• _DIRECTIONS_: Your task is to repeat exactly the lines below between the line holding "Arges Dolap 3" and the line holding "Waves at Cape Spear Newfoundland", inclusive, and only those.

• _SOURCE MATERIAL_:
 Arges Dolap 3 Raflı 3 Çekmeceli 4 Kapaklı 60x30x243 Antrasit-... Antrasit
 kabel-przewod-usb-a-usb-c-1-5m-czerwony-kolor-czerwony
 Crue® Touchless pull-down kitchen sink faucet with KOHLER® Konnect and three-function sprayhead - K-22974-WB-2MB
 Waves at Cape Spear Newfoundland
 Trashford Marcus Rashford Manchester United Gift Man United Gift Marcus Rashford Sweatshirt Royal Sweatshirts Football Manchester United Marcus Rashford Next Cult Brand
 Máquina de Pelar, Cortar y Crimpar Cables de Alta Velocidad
--
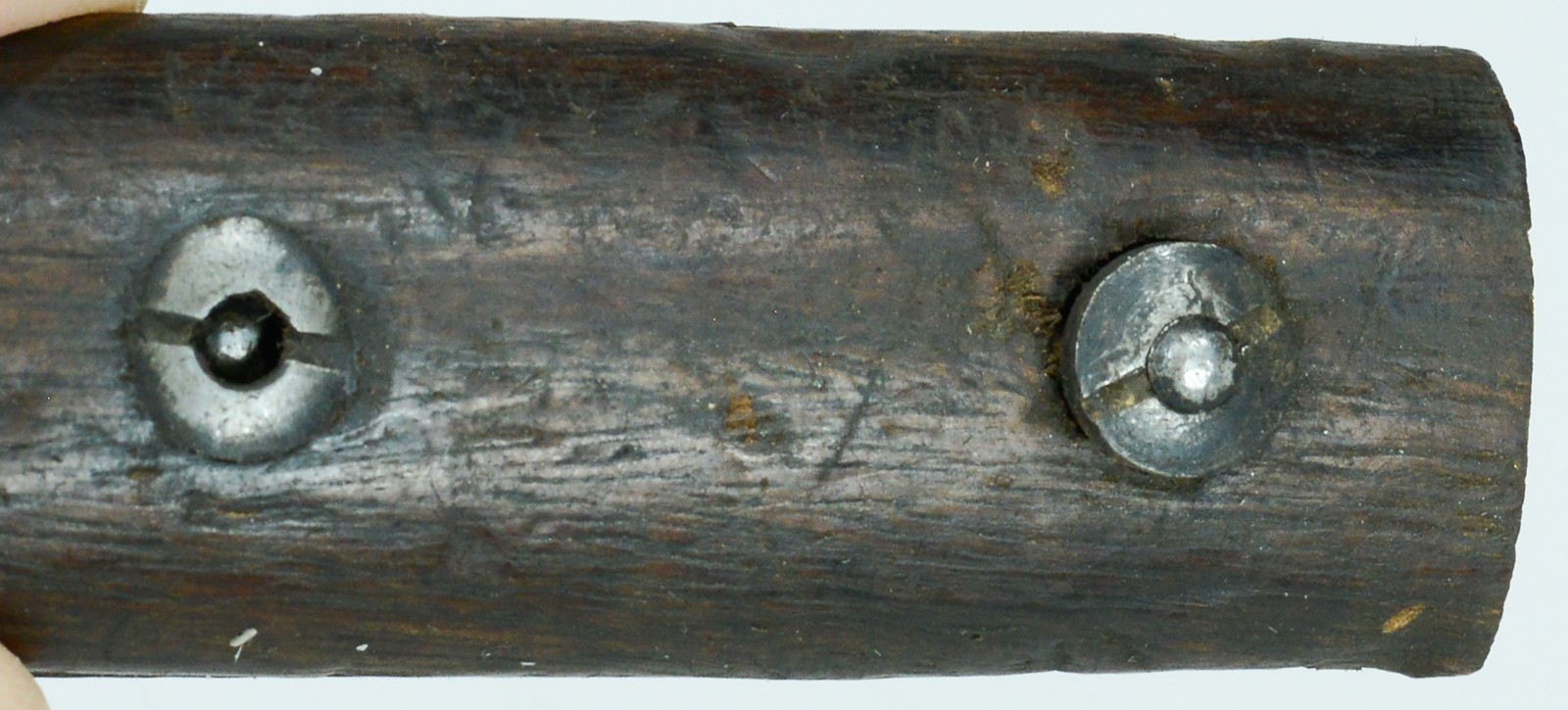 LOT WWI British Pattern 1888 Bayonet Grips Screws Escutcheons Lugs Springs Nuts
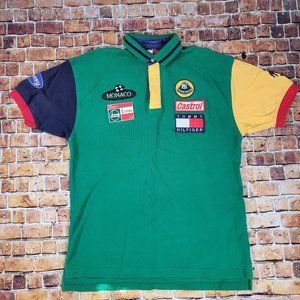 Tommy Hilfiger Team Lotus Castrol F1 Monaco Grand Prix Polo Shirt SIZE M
---
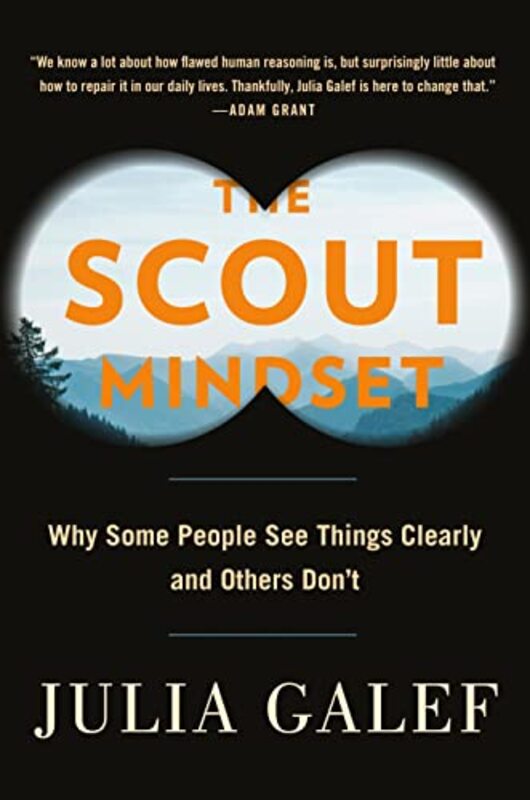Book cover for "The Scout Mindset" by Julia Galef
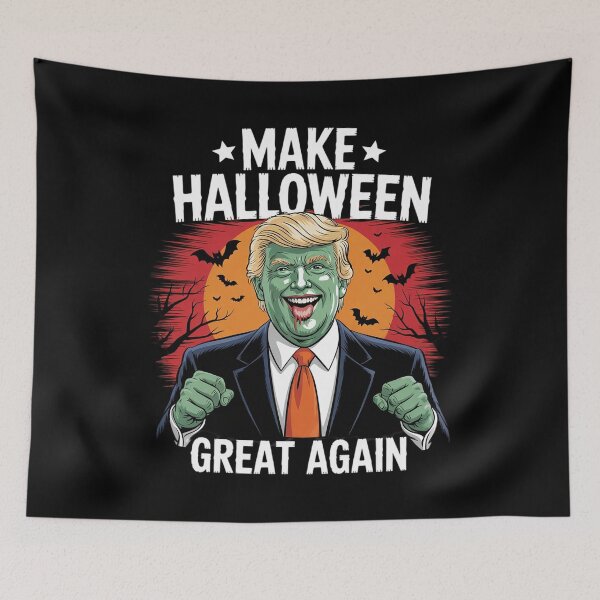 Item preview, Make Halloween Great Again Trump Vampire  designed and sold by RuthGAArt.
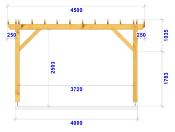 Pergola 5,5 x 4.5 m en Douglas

• _ANSWER TO THIS EXERCISE_:
 Arges Dolap 3 Raflı 3 Çekmeceli 4 Kapaklı 60x30x243 Antrasit-... Antrasit
 kabel-przewod-usb-a-usb-c-1-5m-czerwony-kolor-czerwony
 Crue® Touchless pull-down kitchen sink faucet with KOHLER® Konnect and three-function sprayhead - K-22974-WB-2MB
 Waves at Cape Spear Newfoundland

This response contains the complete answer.